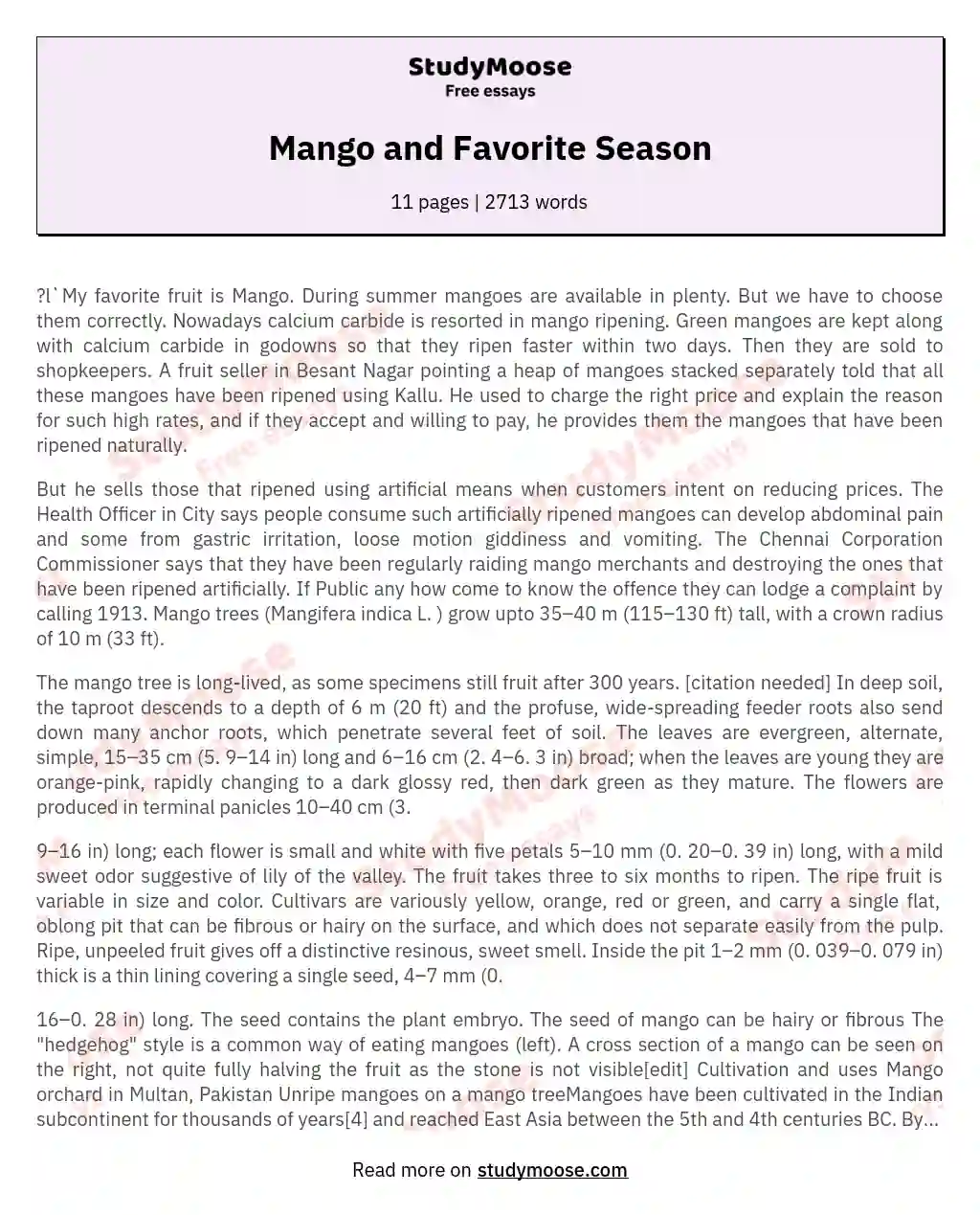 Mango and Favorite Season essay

────────

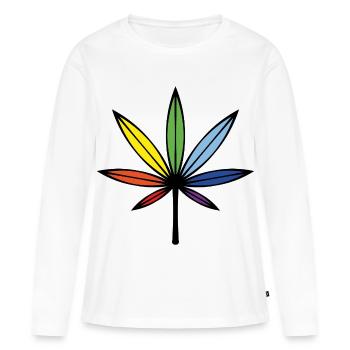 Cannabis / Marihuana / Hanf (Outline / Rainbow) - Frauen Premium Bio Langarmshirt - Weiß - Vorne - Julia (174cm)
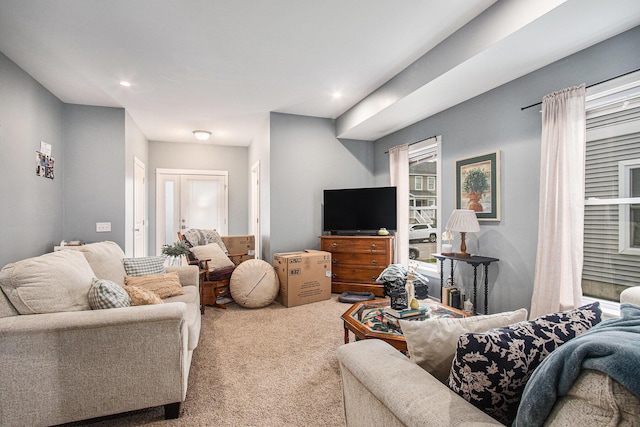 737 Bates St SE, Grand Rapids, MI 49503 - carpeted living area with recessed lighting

────────

# Task statement
Nothing but the lines above from the one that has "Cannabis / Marihuana" down to the one that has "737 Bates St" belongs in the answer, copied exactly, without pictures.

# Exercise response
 Cannabis / Marihuana / Hanf (Outline / Rainbow) - Frauen Premium Bio Langarmshirt - Weiß - Vorne - Julia (174cm)
 737 Bates St SE, Grand Rapids, MI 49503 - carpeted living area with recessed lighting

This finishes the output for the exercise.